What is required:
Everything from the line with "SLY ブラック シャツワンピース" through the last line of the records below should be copied exactly, both ends included.

Record excerpts:
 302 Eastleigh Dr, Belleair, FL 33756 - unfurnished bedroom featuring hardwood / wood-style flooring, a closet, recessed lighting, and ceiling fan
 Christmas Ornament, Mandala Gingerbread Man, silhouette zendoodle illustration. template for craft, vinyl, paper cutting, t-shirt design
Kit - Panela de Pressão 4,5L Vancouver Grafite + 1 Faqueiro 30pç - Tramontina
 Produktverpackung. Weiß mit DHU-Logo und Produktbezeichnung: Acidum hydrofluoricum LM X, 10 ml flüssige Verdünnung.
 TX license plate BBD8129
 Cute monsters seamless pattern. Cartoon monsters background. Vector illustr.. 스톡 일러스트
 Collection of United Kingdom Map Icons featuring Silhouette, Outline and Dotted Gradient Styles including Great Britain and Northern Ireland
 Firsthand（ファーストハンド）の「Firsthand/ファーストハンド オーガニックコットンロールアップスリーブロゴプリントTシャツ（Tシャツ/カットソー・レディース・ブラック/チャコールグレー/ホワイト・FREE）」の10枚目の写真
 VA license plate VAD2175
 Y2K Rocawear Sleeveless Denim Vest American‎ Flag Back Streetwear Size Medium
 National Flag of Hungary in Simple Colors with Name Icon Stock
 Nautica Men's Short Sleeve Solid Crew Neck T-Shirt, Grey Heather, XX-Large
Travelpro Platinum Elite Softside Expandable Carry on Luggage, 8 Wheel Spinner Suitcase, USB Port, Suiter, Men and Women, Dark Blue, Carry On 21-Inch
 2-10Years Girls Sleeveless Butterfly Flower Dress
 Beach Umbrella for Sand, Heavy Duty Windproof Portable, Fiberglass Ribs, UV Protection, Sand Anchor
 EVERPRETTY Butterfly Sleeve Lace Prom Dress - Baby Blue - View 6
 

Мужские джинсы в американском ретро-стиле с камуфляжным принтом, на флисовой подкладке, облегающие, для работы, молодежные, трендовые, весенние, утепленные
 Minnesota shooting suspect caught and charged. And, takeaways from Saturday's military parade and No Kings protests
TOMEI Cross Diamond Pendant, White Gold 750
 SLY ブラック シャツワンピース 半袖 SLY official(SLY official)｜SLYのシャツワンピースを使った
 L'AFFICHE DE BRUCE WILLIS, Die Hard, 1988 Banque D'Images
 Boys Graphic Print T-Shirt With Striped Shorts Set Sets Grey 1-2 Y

Answer section:
 SLY ブラック シャツワンピース 半袖 SLY official(SLY official)｜SLYのシャツワンピースを使った
 L'AFFICHE DE BRUCE WILLIS, Die Hard, 1988 Banque D'Images
 Boys Graphic Print T-Shirt With Striped Shorts Set Sets Grey 1-2 Y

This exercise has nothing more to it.